Mahmoud Darwich a habité la poésie arabe, donnant une voix aux Palestiniens. Le relire aujourd’hui c’est lutter contre les fondamentalismes qui enserrent la Palestine. Actes Sud réédite deux recueils essentiels.
Mahmoud Darwich, État de siège, Actes Sud
Mahmoud Darwich, Le lanceur de dés et autres poèmes, Actes Sud
Alors que le rêve d’un État palestinien s’évanouit chaque jour dans les limbes, conséquence de la politique du fait accompli entreprise par le pouvoir israélien dans les territoires occupés, voici que la poésie nous rappelle qu’à travers sa puissance des peuples peuvent réaffirmer leur personnalité nationale et une forme de transcendance. Longtemps, le grand poète Mahmoud Darwich, disparu en 2008, considéré unanimement comme une des voix majeures de la poésie arabe du XXe siècle aux côtés des Syriens Nazar Qabbani et Adonis, a incarné le combat palestinien.
Traduction et découverte
Les éditions Actes Sud republient deux ses recueils de poèmes, rédigés à l’automne de sa vie, tous deux traduits par son ami, l’intellectuel palestinien Elias Sanbar, qui représente la Palestine à l’UNESCO et a cofondé la revue d’études palestiniennes.
Dans la poésie arabe classique, بَيْت (bayt) désigne un vers. Littéralement, bayt signifie « maison», mais dans la rhétorique poétique, le vers est conçu comme une « maison de sens », une unité close. Un bayt est généralement composé de deux hémistiches (ṣadr صدر et ʿajuz عجز), séparés par une césure.
En l’absence de patrie souveraine et en paix, les Palestiniens ont littéralement habité la maison de Darwich. Une patrie de papier et de poésie qui leur a permis de tenir, de survivre pendant des générations. Souvent, il s’était plaint que sa poésie soit réduite à un porte-parole officieux de l’OLP. Darwich s’est souvent révolté contre cette identification à la cause palestinienne, il préférait chanter le rouge non pas comme couleur de sang, mais de rose. Son œuvre poétique est jonchée d’aller-retours entre la terre de ses ancêtres parfumée de thym, d’olivier, de languissement du café de sa mère et l’aspiration d’intégrer la poésie arabe dans l’espace universel.

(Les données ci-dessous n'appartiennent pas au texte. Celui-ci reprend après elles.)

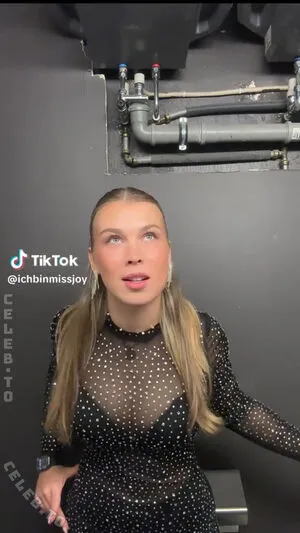 Celinajoyy OnlyFans Leaked Free Thumbnail Picture - #E88NQLByJP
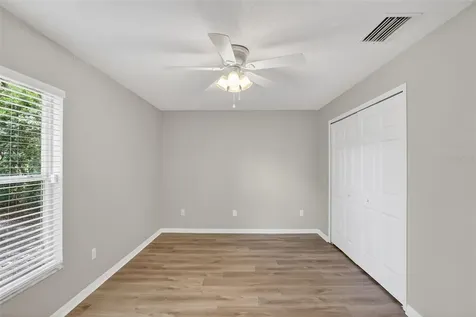 8852 Great Cove Drive Orlando FL 32819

Chanter le particulier et l’universel
Ainsi, on lira avec émotion « Le lanceur de dés », ce long poème où Mahmoud Darwich revisite avec une douce mélancolie son itinérance sur terre, résume sa vie en insistant sur les hasards de l’histoire qui ont permis, lui enfant humble de la Galilée des nations à embrasser un destin qui l’a propulsé au panthéon de la poésie arabe contemporaine.

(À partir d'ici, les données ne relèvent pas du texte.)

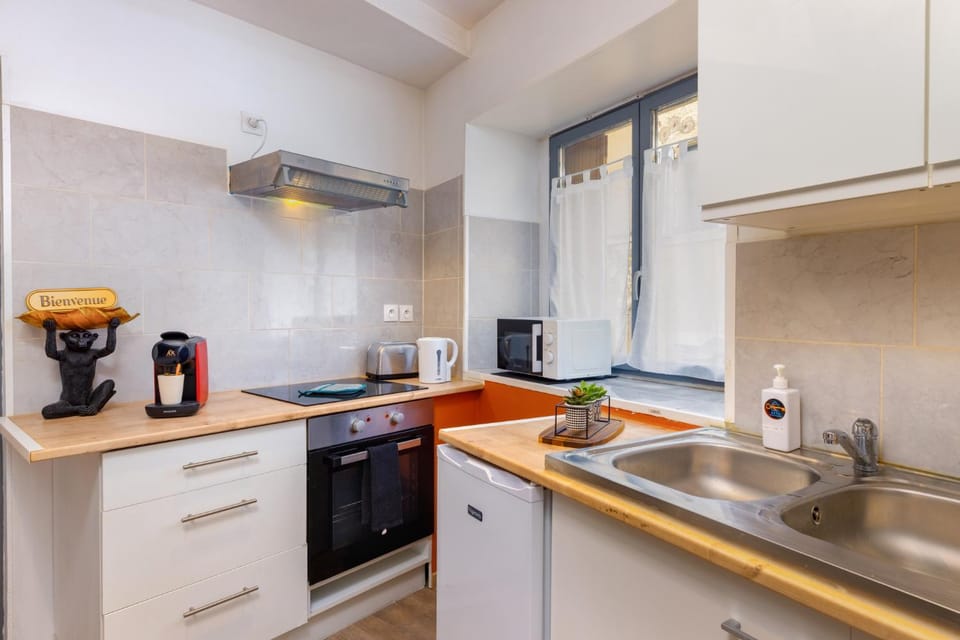 Kitchen or kitchenette, oven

« Qui suis-je pour vous dire/ce que je vous dis/à la porte de l’église,/ moi qui ne suis qu’un lancer de dés/ entre prédateur et proie./j’ai gagné en lucidité,/non pour jouir de ma nuit étoilée/ mais pour être témoin du massacre. »
Le recueil État de siège, quant à lui a été rédigé à Ramallah où le poète reclus a composé une centaine de fragments en réaction à l’offensive de l’armée israélienne en pleine intifada. L’immédiateté, l’urgence, chaque petit rayon de lumière capte une vie en sursis, le moindre moment fugitif sont d’une brûlante actualité.

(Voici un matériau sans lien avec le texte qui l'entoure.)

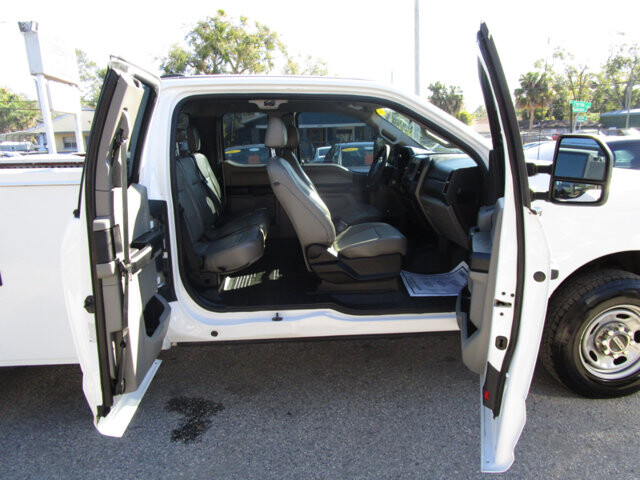 2020 Ford F350 in Tampa, FL 33604-6914 - 2442614 25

« Ici, sur les pentes des collines,/face au couchant/et à la béance du temps,/Près des vergers à l’ombre coupée,/tels les prisonniers,/tels les chômeurs,/nous cultivons l’espoir. »
Ou encore « que la paix soit sur celui qui partage ma coupe/dans la nuit dense qui déborde des deux sièges:/que la paix soit sur mon fantôme ».
Aujourd’hui la lecture de Darwich est d’autant plus nécessaire qu’elle résiste à la noirceur d’une époque où le keffieh palestinien se confond de plus en plus à l’obscurantisme fondamentaliste dans sa version nihiliste. Son œuvre demeure une invitation à l’espérance, comme désespoir surmonté.